Sure, but you can choose to have a passport or not and you don't have to carry the passport with you all the time at home (or indeed abroad). One of the fears as it is pictured by those against ID cards is the need to carry one all the time which then allows you to be continually challenged for "your papers".

Given how badly "SUS" was misapplied in the UK to target members of racial minorities, there is a reasonable fear that the same may apply again.

I would see a national ID as a tool that would make it harder for anyone else to steal my identity or to defraud me by claiming to be someone else.

In the UK, it proved to be depressingly easy for ID cards to be cloned or counterfeited when they were trialled. If the ID card id viewed as an indisputable piece of ID, it may actually become easier to execute ID fraud.

But, as the writer observes, the concept is vigorously opposed by liberals, conservations and libertarians. So what's the downside to a national ID card?

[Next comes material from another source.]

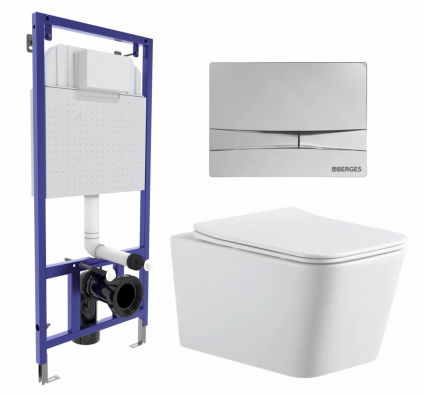 Комплект 3 в 1 инсталляция Berges Wasserhaus Novum 040253 + Подвесной унитаз SinteSi BALTI + кнопка хром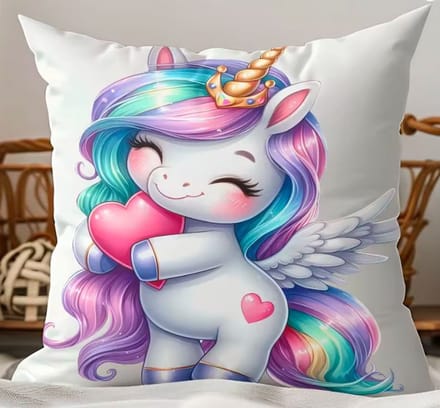 Rainbow Dreams Collection Kussenhoes - Eenhoorn - Unicorn - 45 x 45 cm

http://www.motherjones.com/politics/2012/07/national-id-card-voter-fraud-solution

Arguments against I have heard include:

  • The need to carry an ID card is open to abuse. It's a policing issue but ID cards can be used as a means to target certain groups for repeated carding
  • ID cards have been shown to be comparatively easy to fake or clone
  • An ID card scheme would cost billions to implement. If hte benefits aren't clear then people won't want to spend this money
  • The ID card will be badly implemented (because the majority of large projects, public or private sector are badly implemented)
  • In the UK there is an emotional opposition going back to WWII. Having to carry "your papers" with you all the time is only somehting you have to do at times of war or when you are under the yoke of a totalitarian regime

My personal objections for ID cards in the UK are:

  • The implementation will be excrucuating
  • The costs will be huge, the benefits negligible
  • ID cards will not be secure
 
One of the fears as it is pictured by those against ID cards is the need to carry one all the time which then allows you to be continually challenged for "your papers".

Actually, this is the key point - it is fundamentally flawed. Anytime you are approached by a policeman with the challenge "papers?", you just have to declare "scissors" and you win.
 
The "papers" in "show me your papers" form the cold war era or apartheid South Africa wasn't identification, but the permission papers to travel outside your home town.
 
Actually, this is the key point - it is fundamentally flawed. Anytime you are approached by a policeman with the challenge "papers?", you just have to declare "scissors" and you win.

Anyone challenging you for your ID is unlikely to have such a well developed sense of humour. :D
 
Why do we need one? Anyone capable of faking current acceptable ID would also be able to fake a national one. We already have national identification numbers in the form of Social Security Numbers, which are frequently faked and used for identity theft. What benefit would a national ID card provide?
 
The "papers" in "show me your papers" form the cold war era or apartheid South Africa wasn't identification, but the permission papers to travel outside your home town.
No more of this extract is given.